Rand gloussa un peu bêtement, puis il reprit son sérieux, le visage de marbre.

— T’apprendre à nager ? Je te ferai flotter avec le Pouvoir. Mais le saidin est souillé, sais-tu ? L’œuvre du Ténébreux ! Son contact… Tu ne t’en apercevras pas, cela dit. Ce sera tout autour de toi, mais tu ne sentiras rien.

Cette fois, Rand se fendit d’un ricanement sifflant. Les yeux ronds comme des soucoupes, Selande arborait désormais un rictus en guise de sourire.

— Plus tard, alors… Pour l’instant, je veux être seul pour penser à…

Rand se pencha comme s’il voulait embrasser sa compagne. Avec un petit cri, celle-ci se fendit d’une révérence si soudaine qu’il pensa d’abord que ses genoux s’étaient dérobés sous elle.

La jeune femme recula, s’inclinant à chaque pas, assura d’un ton proche de l’hystérie que le servir était un honneur – et son plus cher désir – et finit par se cogner le dos contre une des arches. Sur une dernière et hâtive génuflexion, elle battit en retraite à l’intérieur du bâtiment et disparut de la vue du jeune homme.

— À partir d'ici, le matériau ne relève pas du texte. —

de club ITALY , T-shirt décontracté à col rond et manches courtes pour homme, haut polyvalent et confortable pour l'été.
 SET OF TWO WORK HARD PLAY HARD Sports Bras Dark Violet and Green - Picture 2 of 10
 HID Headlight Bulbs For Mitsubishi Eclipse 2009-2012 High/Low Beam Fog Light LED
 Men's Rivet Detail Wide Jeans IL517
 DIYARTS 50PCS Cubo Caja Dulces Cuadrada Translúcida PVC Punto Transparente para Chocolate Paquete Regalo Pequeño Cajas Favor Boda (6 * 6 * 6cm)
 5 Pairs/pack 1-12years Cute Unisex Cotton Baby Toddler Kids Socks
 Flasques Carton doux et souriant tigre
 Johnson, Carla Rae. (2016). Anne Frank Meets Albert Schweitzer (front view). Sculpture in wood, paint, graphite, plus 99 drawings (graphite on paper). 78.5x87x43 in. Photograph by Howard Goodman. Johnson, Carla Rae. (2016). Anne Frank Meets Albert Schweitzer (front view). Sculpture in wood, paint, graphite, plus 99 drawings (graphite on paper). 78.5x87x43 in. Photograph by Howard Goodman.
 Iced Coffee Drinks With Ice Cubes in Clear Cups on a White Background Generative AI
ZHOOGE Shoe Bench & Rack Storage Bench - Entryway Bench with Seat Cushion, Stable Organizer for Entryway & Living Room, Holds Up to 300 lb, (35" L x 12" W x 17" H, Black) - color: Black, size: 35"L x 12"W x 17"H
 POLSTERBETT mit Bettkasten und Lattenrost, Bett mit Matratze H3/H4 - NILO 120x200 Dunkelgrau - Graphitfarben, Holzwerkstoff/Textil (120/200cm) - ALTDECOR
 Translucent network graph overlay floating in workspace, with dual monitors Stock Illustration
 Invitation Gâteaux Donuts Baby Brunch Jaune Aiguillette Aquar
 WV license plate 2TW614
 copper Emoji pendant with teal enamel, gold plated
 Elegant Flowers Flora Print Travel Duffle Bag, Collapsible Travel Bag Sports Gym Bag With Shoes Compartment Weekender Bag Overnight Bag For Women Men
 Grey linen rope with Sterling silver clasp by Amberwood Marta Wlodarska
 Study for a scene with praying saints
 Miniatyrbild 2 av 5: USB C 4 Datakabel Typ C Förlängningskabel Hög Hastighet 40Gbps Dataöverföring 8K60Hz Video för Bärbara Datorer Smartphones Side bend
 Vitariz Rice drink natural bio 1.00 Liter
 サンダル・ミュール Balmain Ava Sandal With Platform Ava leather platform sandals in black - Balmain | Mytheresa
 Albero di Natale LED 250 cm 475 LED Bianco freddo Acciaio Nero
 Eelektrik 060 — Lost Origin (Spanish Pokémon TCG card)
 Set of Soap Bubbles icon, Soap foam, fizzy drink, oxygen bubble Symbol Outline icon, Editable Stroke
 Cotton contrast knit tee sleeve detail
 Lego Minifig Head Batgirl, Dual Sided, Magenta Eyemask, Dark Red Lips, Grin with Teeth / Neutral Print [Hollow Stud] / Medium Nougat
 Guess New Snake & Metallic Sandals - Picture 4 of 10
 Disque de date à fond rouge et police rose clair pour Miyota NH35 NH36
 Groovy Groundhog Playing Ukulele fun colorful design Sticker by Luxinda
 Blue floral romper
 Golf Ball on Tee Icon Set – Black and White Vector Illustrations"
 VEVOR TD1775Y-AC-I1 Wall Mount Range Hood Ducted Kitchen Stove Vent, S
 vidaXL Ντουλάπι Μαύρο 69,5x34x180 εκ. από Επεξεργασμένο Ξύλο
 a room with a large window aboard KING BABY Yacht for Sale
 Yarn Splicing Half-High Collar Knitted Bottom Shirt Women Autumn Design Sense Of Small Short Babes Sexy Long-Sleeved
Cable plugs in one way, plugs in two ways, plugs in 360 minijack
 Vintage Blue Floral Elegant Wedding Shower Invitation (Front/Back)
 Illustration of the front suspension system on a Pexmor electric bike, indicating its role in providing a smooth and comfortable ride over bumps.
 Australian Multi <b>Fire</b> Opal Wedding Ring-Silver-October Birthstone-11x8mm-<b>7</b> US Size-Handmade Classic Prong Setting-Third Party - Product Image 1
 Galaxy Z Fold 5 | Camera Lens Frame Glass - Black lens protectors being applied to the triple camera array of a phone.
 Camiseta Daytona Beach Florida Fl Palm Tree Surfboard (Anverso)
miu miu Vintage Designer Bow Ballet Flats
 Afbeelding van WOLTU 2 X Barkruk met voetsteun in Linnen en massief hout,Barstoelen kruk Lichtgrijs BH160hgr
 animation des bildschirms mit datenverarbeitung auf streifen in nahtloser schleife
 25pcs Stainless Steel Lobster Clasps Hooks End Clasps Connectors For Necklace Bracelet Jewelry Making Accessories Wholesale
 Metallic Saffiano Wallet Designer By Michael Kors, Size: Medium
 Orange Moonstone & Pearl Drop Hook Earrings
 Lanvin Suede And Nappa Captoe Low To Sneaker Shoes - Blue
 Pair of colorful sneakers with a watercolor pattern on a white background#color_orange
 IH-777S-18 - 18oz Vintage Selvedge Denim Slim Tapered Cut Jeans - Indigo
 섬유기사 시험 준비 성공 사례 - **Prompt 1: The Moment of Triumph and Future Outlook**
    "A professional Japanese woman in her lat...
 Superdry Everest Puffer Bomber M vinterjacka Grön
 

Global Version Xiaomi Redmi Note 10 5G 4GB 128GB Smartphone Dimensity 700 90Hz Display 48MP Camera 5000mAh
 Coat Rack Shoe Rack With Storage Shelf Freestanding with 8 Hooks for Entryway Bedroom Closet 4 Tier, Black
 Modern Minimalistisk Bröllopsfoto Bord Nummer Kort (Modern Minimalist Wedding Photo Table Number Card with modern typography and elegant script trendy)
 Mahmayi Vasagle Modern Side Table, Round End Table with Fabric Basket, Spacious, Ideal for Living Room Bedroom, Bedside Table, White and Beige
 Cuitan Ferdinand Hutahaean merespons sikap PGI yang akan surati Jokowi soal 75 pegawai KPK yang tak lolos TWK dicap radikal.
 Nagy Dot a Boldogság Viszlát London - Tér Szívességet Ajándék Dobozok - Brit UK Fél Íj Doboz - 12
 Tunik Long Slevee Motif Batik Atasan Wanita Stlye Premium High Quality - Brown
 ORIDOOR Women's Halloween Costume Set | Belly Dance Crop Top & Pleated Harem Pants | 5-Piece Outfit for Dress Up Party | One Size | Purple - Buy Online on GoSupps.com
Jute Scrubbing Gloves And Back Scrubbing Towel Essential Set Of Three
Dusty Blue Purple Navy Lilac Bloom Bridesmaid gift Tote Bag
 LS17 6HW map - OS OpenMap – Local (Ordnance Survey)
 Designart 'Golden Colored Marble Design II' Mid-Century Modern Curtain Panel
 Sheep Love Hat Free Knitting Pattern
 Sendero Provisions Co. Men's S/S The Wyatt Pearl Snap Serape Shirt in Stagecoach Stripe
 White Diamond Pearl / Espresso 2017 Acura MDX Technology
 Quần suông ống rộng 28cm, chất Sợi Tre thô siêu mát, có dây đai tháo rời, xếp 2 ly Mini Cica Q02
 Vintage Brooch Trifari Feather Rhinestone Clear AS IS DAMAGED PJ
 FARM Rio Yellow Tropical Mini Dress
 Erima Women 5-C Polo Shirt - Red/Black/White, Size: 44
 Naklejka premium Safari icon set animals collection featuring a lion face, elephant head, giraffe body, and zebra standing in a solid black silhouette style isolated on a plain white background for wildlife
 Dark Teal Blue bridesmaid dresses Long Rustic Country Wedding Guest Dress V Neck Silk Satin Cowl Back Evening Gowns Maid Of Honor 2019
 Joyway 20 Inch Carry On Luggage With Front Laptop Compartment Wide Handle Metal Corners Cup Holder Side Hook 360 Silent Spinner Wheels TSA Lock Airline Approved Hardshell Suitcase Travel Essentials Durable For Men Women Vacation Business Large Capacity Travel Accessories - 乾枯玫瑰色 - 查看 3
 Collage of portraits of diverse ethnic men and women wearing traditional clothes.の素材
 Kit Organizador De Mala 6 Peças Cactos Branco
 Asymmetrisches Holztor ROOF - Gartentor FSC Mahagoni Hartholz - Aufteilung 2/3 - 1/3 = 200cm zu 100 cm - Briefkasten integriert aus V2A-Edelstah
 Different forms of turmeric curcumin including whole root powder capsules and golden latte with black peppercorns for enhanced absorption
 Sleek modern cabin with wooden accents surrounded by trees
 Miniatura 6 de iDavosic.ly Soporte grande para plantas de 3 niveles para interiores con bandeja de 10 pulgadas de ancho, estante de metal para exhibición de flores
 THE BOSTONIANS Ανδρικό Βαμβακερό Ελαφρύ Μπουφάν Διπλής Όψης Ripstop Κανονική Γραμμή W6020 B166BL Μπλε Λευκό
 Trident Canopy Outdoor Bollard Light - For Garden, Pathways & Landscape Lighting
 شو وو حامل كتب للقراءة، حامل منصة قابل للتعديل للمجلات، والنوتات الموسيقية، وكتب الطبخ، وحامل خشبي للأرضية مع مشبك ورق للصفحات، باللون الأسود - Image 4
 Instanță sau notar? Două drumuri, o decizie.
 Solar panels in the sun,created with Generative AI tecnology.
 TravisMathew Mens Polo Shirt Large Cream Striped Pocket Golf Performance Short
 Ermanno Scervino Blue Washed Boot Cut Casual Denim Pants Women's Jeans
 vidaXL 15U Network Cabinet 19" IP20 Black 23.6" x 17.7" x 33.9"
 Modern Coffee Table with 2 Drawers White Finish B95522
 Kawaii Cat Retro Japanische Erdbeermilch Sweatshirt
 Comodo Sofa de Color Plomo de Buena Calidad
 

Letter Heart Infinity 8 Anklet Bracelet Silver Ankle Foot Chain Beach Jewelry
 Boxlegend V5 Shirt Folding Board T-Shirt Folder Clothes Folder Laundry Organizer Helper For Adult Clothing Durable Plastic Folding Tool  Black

Avec une grimace, Rand se retourna vers la balustrade. Effrayer des femmes… Mais s’il lui avait simplement demandé de le laisser seul, Selande aurait pensé qu’il voulait seulement différer le moment de… Pour s’en débarrasser il aurait dû lui ordonner de rester à jamais hors de sa vue – et encore… Cette fois, l’histoire finirait peut-être par circuler. Il allait devoir mieux contrôler ses émotions. Ces derniers temps, il leur cédait un peu trop facilement les rênes. Ce devait être à cause de cette sécheresse contre laquelle il ne pouvait rien – de toute façon, partout où il regardait, les problèmes poussaient comme du chiendent. Allons, il allait s’accorder quelques instants de plus à tirer sur son brûle-gueule. Quel idiot accepterait de diriger une nation alors qu’il pouvait s’adonner à une occupation plus facile ? Par exemple, transporter de l’eau au sommet d’une colline avec une passoire.